» WORK INSTRUCTION:
From the listing below, pick out each line with the word "image".
---------- EXERCISE DATA
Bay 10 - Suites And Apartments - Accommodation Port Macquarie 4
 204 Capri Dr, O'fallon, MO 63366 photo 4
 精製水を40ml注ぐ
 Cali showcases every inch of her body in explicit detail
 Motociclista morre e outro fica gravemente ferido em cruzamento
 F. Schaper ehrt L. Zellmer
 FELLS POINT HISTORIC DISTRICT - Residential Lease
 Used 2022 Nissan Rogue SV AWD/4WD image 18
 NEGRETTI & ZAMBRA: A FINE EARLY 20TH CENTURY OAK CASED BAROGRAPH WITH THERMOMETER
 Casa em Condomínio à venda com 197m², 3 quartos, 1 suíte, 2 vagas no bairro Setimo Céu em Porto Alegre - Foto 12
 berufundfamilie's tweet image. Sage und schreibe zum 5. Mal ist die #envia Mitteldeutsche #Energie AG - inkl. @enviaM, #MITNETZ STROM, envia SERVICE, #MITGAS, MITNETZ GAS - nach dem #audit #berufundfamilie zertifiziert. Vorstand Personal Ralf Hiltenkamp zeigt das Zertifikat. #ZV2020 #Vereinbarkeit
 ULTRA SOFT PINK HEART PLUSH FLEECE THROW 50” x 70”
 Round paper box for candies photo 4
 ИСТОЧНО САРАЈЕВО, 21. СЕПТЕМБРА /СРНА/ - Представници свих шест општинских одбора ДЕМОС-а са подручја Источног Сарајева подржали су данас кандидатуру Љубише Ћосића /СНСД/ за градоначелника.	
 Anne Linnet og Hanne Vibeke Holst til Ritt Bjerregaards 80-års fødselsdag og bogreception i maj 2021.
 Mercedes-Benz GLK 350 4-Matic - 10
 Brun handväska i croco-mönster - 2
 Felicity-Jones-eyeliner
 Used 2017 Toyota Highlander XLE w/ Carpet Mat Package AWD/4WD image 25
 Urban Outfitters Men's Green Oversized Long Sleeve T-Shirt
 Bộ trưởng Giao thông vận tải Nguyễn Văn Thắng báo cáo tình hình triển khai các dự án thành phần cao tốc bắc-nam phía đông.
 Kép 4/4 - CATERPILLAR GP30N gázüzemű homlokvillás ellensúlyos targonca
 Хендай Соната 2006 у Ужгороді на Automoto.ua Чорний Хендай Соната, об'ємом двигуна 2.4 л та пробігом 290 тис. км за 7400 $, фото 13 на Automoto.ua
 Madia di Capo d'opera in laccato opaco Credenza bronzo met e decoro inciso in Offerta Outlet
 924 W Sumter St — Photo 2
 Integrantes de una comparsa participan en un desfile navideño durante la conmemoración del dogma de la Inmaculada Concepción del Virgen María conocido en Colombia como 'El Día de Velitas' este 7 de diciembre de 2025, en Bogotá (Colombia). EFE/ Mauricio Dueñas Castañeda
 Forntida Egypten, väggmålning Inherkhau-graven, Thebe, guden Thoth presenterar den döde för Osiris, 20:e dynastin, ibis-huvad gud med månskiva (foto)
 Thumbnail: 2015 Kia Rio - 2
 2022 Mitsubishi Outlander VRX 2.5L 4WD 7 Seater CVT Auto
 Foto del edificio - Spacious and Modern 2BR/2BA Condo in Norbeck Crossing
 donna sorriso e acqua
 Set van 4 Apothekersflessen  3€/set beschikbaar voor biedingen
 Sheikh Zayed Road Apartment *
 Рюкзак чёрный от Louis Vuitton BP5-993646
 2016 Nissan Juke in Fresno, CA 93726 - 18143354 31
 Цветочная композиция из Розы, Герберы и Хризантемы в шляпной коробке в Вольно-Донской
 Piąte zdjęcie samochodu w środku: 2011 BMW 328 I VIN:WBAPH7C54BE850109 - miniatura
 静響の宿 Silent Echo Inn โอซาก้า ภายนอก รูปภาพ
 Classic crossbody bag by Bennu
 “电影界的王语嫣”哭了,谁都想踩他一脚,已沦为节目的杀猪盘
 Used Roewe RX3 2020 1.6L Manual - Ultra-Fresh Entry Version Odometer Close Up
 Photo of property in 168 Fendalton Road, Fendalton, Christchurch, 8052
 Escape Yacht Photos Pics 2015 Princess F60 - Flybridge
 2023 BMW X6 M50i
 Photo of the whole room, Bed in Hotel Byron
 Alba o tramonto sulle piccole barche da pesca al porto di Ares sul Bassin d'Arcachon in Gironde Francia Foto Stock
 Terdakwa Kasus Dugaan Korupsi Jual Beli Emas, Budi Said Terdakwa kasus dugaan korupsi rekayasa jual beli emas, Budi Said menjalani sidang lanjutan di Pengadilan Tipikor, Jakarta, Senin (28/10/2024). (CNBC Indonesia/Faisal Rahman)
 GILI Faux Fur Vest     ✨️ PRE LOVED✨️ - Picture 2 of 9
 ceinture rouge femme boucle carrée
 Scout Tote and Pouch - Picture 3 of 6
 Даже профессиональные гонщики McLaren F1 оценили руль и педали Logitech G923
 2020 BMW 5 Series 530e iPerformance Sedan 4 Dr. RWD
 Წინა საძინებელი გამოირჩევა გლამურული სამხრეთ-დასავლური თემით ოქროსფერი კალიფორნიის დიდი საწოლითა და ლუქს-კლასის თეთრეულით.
--------------------
» RESULT:
 Used 2022 Nissan Rogue SV AWD/4WD image 18
 berufundfamilie's tweet image. Sage und schreibe zum 5. Mal ist die #envia Mitteldeutsche #Energie AG - inkl. @enviaM, #MITNETZ STROM, envia SERVICE, #MITGAS, MITNETZ GAS - nach dem #audit #berufundfamilie zertifiziert. Vorstand Personal Ralf Hiltenkamp zeigt das Zertifikat. #ZV2020 #Vereinbarkeit
 Used 2017 Toyota Highlander XLE w/ Carpet Mat Package AWD/4WD image 25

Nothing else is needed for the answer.